## What is needed
Could you copy the records below exactly, leaving out any pictures?

## Input data

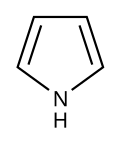Pyrrole, a 5-membered heterocyclic organic compound, methine hydrogen atoms implied, not shown (aromatic).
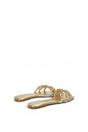 Gold XY LONDON Gold Flat Diamante Strappy Slider Sandals With Square Toe, Image 4 of 6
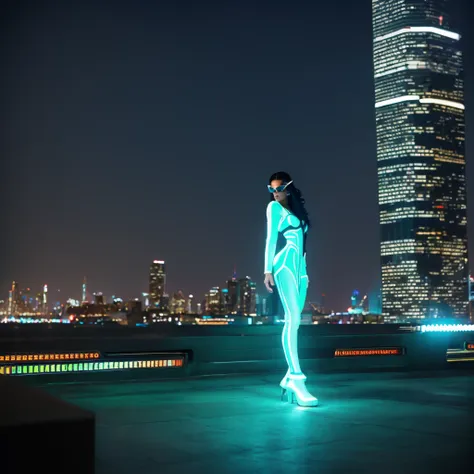 amid the vastness of a futuristic metropolis, a black woman of stunning beauty stands at the top of a skyscraper, surrounded by ...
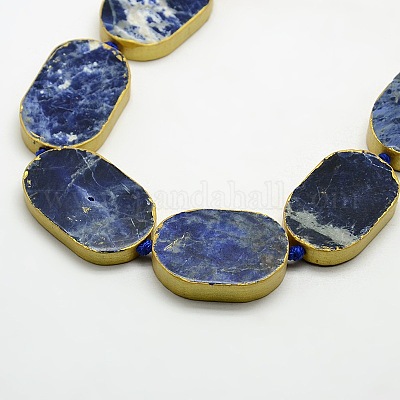 Овальные естественно содалит бисер пряди&nbsp;G-N0119-01-1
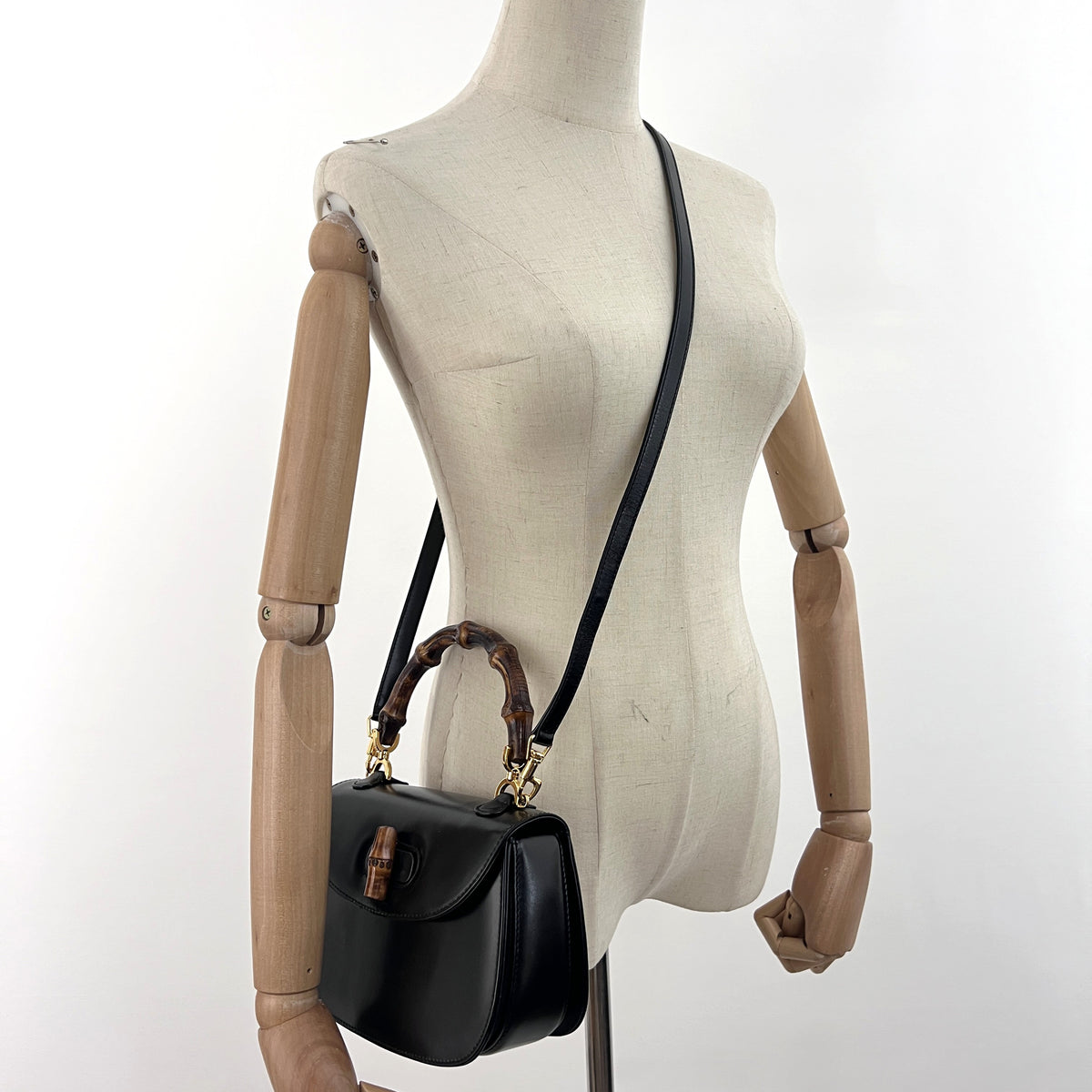 GUCCI Bamboo 1947 Small black smooth leather shoulder bag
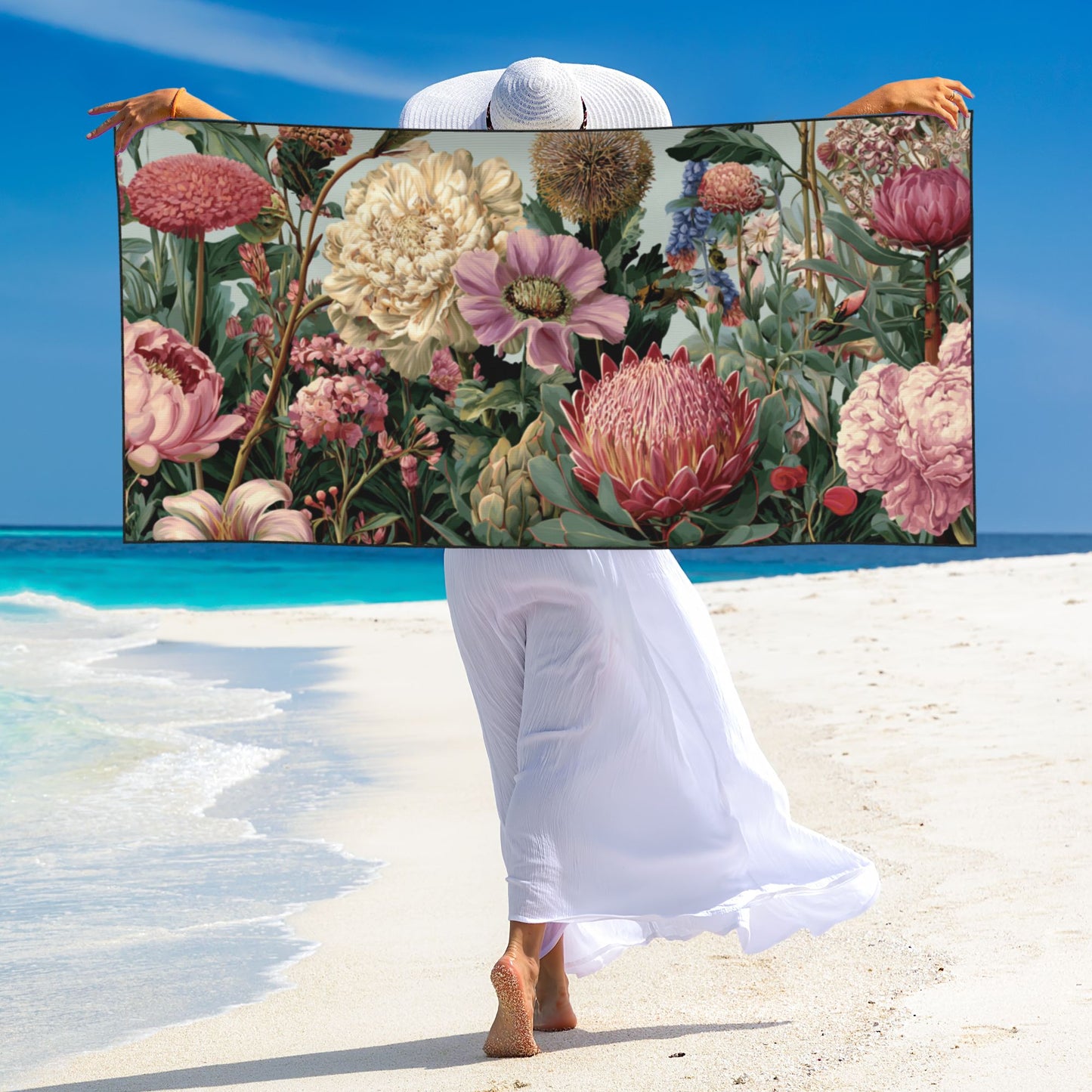 Floral Peach Skin Beach Towel 55×27.5in – Soft, Lightweight, Quick-Dry Multi-Purpose Towel
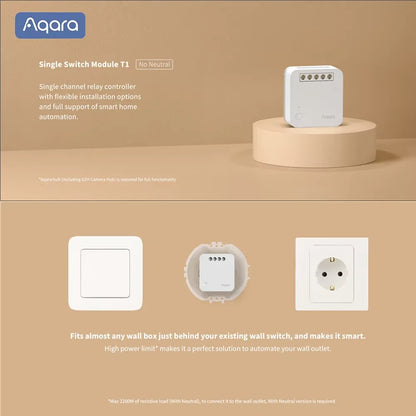 Aqara Single Channel Control Module T1 Zigbee 3.0 Wireless Relay Controller 1 Channel No Neutral Remote Work with Apple Homekit
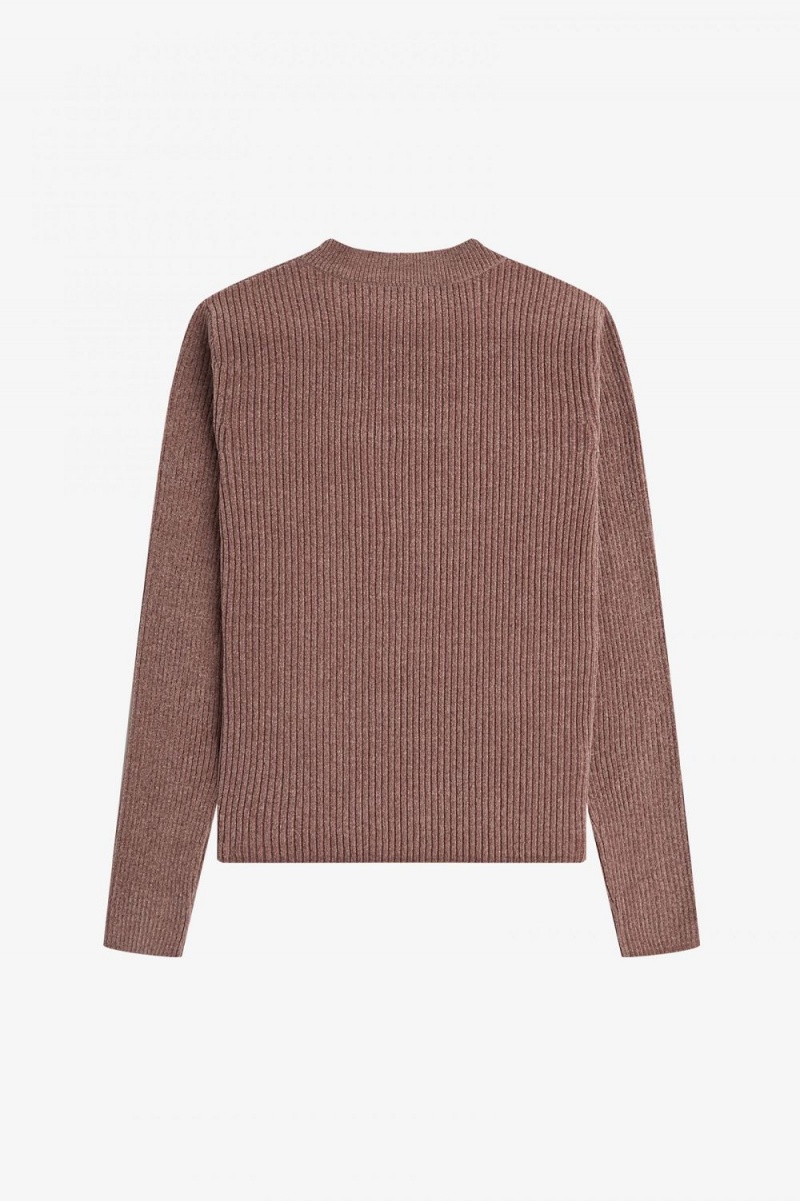 Fred Perry Chenille Rib Women's Jumper Dark Pink | HIZUF8692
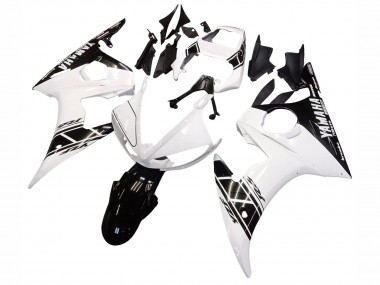2006-2009 Yamaha YZF R6S Motorcycle Fairings - White Glossy Black Australia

## Output for this task
Pyrrole, a 5-membered heterocyclic organic compound, methine hydrogen atoms implied, not shown (aromatic).
 Gold XY LONDON Gold Flat Diamante Strappy Slider Sandals With Square Toe, Image 4 of 6
 amid the vastness of a futuristic metropolis, a black woman of stunning beauty stands at the top of a skyscraper, surrounded by ...
 Овальные естественно содалит бисер пряди&nbsp;G-N0119-01-1
 GUCCI Bamboo 1947 Small black smooth leather shoulder bag
 Floral Peach Skin Beach Towel 55×27.5in – Soft, Lightweight, Quick-Dry Multi-Purpose Towel
 Aqara Single Channel Control Module T1 Zigbee 3.0 Wireless Relay Controller 1 Channel No Neutral Remote Work with Apple Homekit
 Fred Perry Chenille Rib Women's Jumper Dark Pink | HIZUF8692
2006-2009 Yamaha YZF R6S Motorcycle Fairings - White Glossy Black Australia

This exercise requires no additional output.